In computer science trees grow upside down. The root is at the top and the leaves are at the bottom. Below is an example of a tree that is being used to hold some integers in a particular order:
The nodes in this tree represent integers. In this case, the integers 1, 3, 4, 5, 7, 8 and 10 have been used. The root node is labeled as “5″ and appears at the top of the tree. Several interior nodes (nodes that are neither root nor leaves) labeled 3 and 8 appear in the middle of the tree. Finally, leaf nodes with labels 1, 4, 7 and 10 appear at the bottom of the tree.

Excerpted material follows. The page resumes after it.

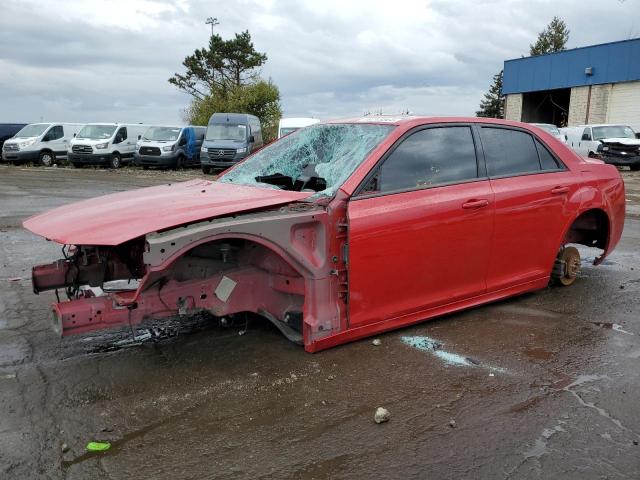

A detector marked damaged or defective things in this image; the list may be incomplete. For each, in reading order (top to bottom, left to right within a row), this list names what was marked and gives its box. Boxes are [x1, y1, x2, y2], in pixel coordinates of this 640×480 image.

A Parent node is one that has at least one node below it. In the above tree, node 3 is a parent and its Child nodes are 1 and 4. (Can you find the other 2 parent nodes in the graph?) Child nodes with a common parent are called sibling nodes. In the example, nodes 1 and 4 are siblings. As a rule, child nodes in a tree may only have one parent. (Can you find the other siblings in the graph?)
Another feature of a tree is the number of levels of depth. In the example, the tree is 3 levels deep. If the number of children is the same for all parent nodes, we say that the tree is balanced. In the above example, all nodes (except the leaf nodes) have 2 children so the tree is balanced.
A tree with 2 children per parent is also called a binary tree. Looking at the above example, one can see that for each parent node, one of its children has a value less than the parent, and the other child has a value greater than that of the parent. For example, the parent node 5 has a left child with value 3 (less than its parent) and a right child with value 8 (greater than its parent).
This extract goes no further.